Task:
Using the data below, restate exactly every line from the one with "Rescue Domestic Short" up to and including the one with "Medsci 13 00202 g005". No picture belongs in it.

Records for this task:
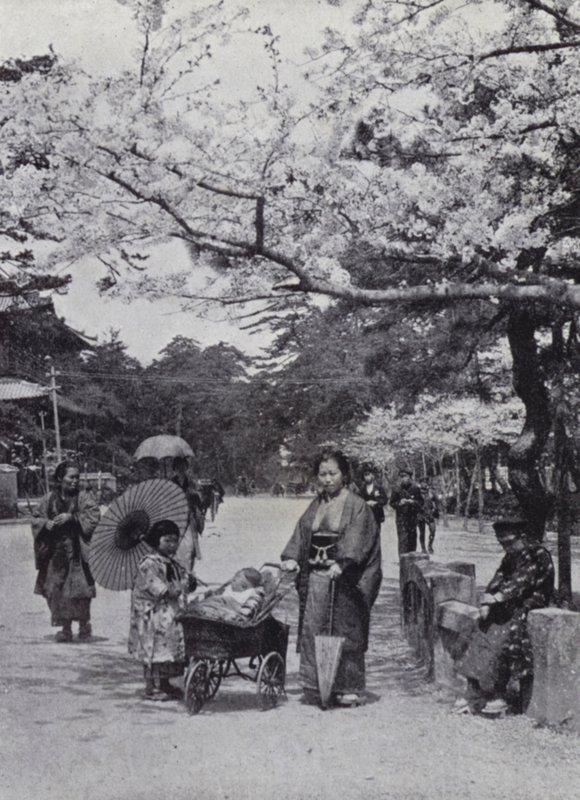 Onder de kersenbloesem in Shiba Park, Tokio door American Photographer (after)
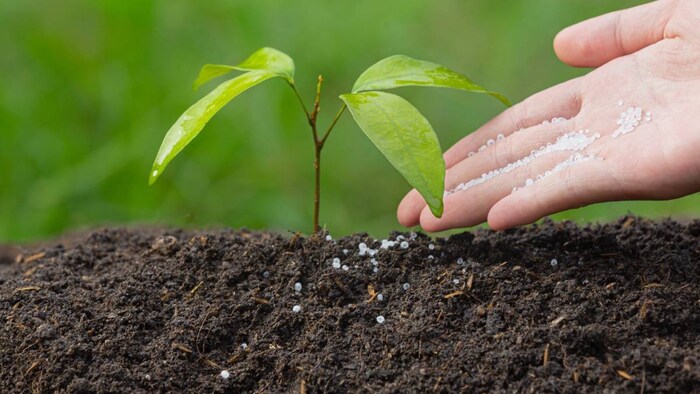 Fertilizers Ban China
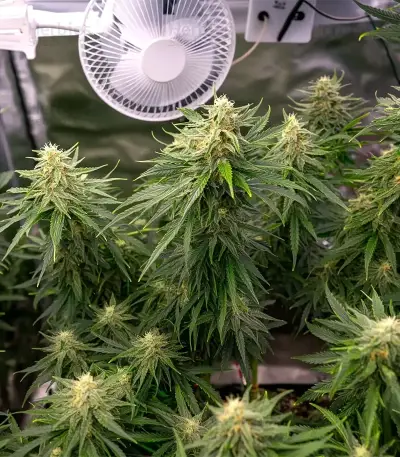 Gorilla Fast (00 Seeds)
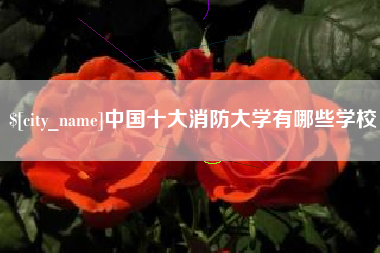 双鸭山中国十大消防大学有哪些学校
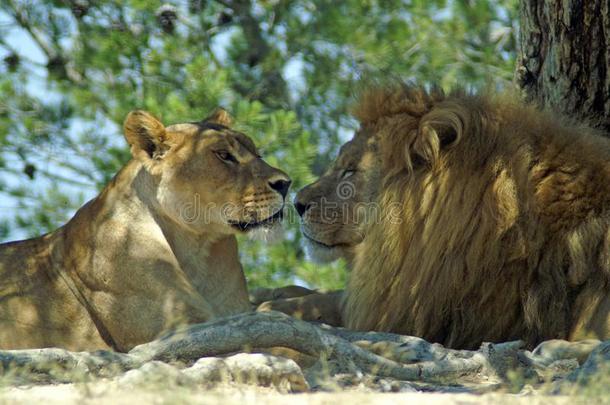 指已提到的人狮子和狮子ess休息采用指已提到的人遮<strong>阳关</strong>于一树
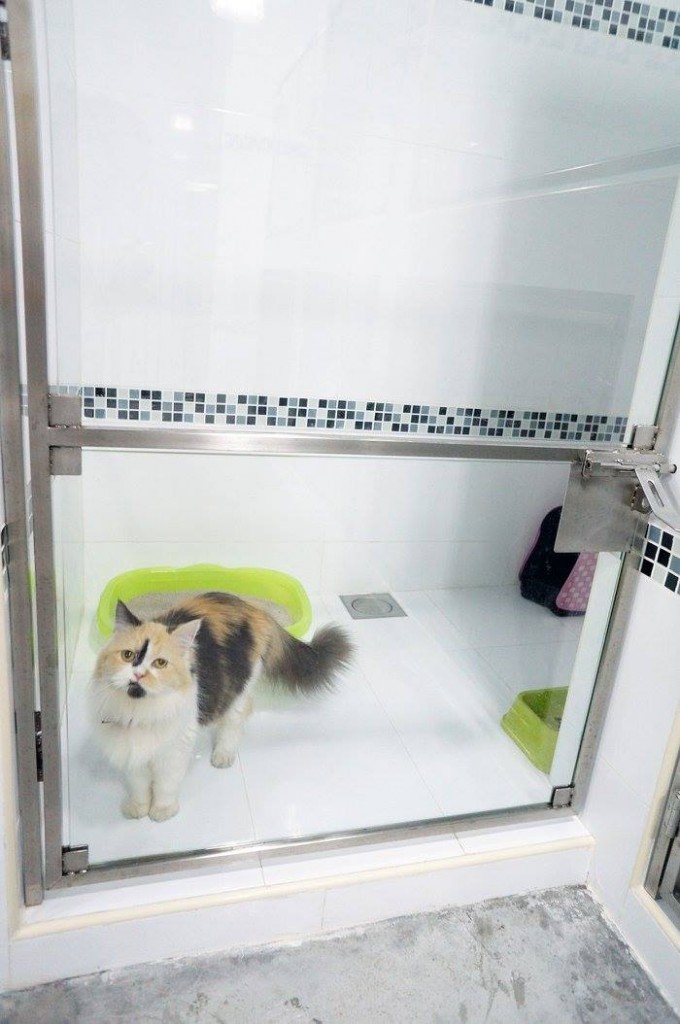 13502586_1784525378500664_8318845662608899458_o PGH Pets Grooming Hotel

==

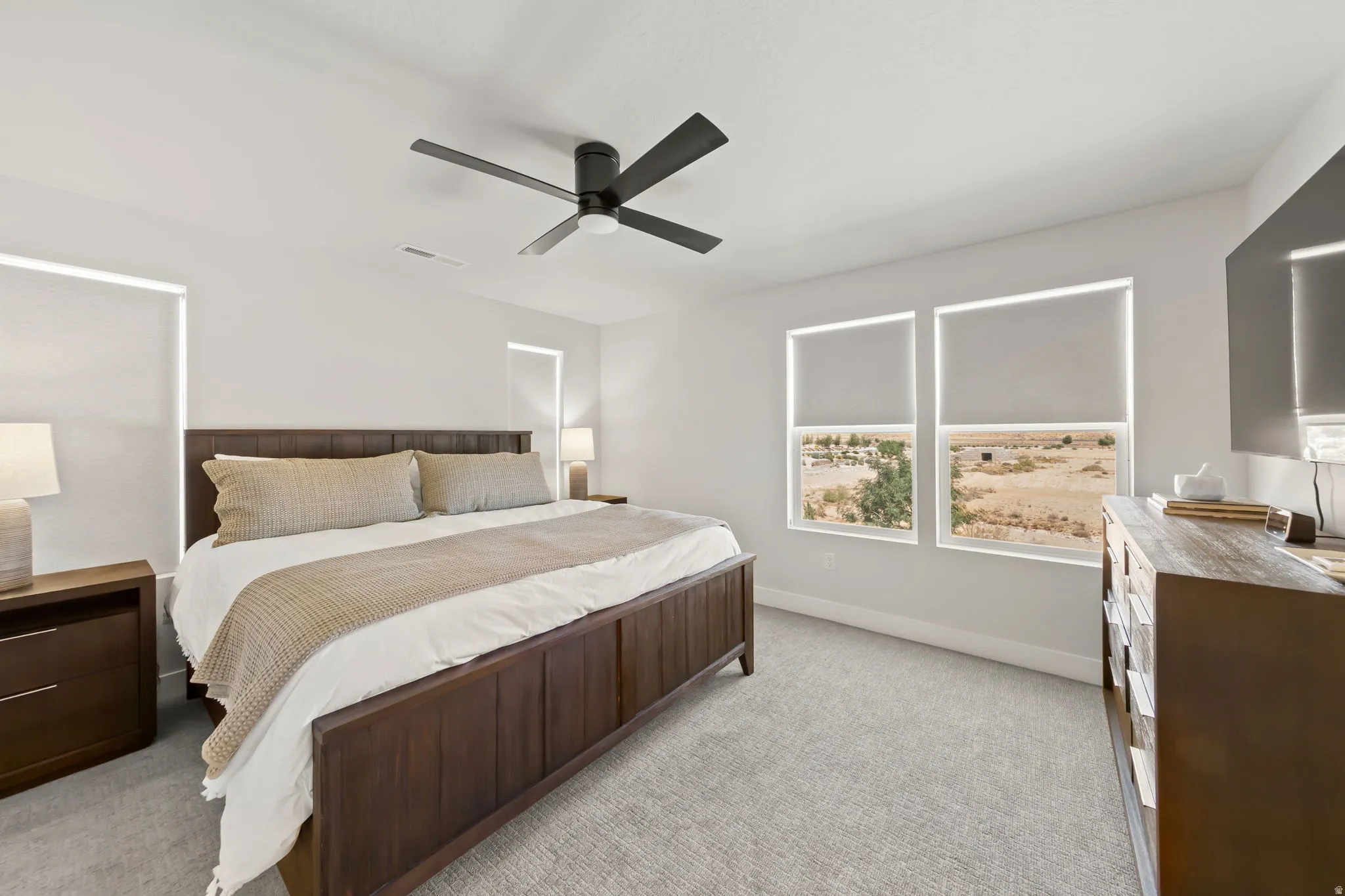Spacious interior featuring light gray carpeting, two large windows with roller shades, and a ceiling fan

==

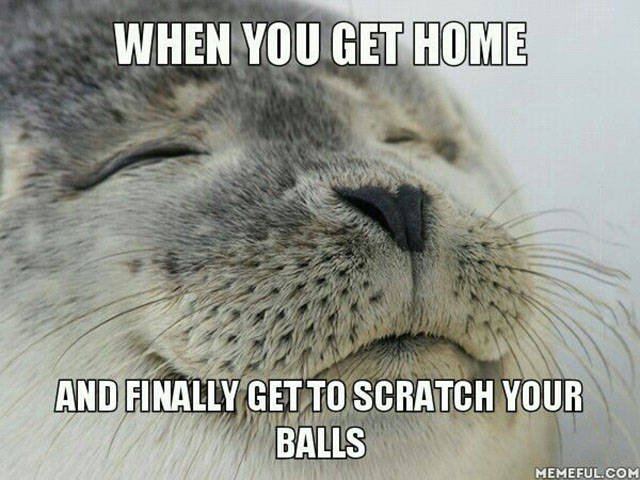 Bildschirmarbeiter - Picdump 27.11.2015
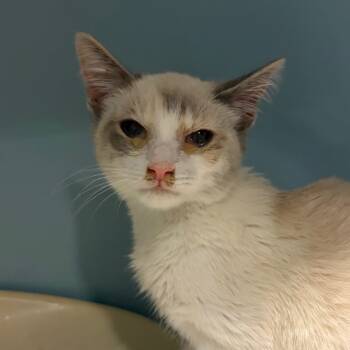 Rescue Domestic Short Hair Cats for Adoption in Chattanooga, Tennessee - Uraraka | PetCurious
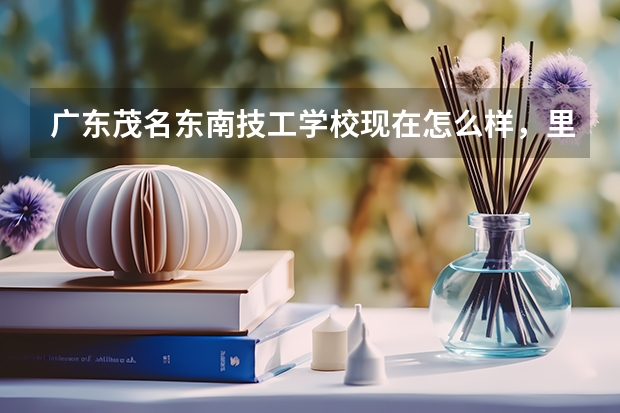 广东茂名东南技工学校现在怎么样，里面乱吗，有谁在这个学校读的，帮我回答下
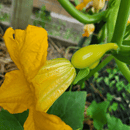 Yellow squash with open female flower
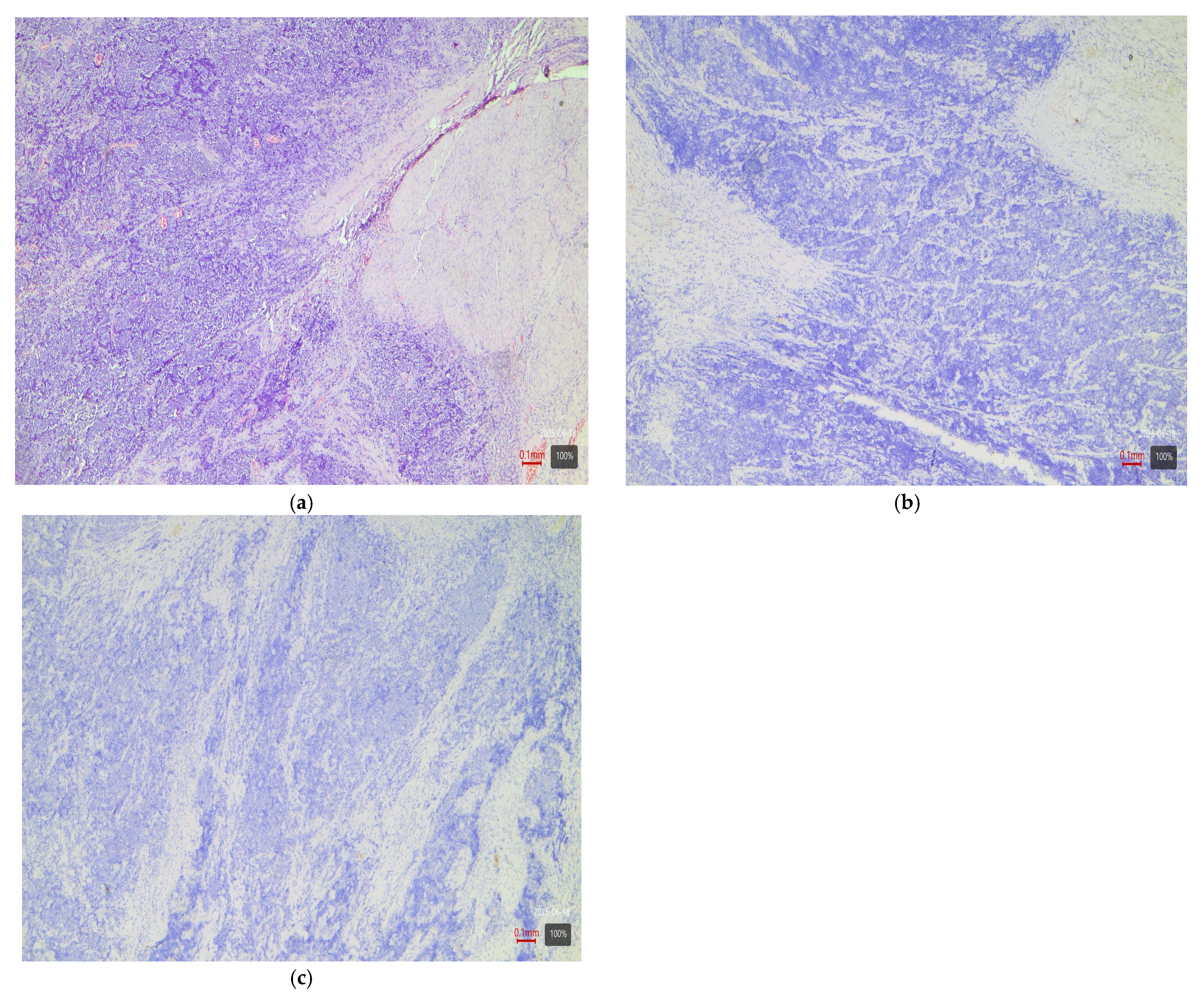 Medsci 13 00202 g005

Task answer:
 Rescue Domestic Short Hair Cats for Adoption in Chattanooga, Tennessee - Uraraka | PetCurious
 广东茂名东南技工学校现在怎么样，里面乱吗，有谁在这个学校读的，帮我回答下
 Yellow squash with open female flower
 Medsci 13 00202 g005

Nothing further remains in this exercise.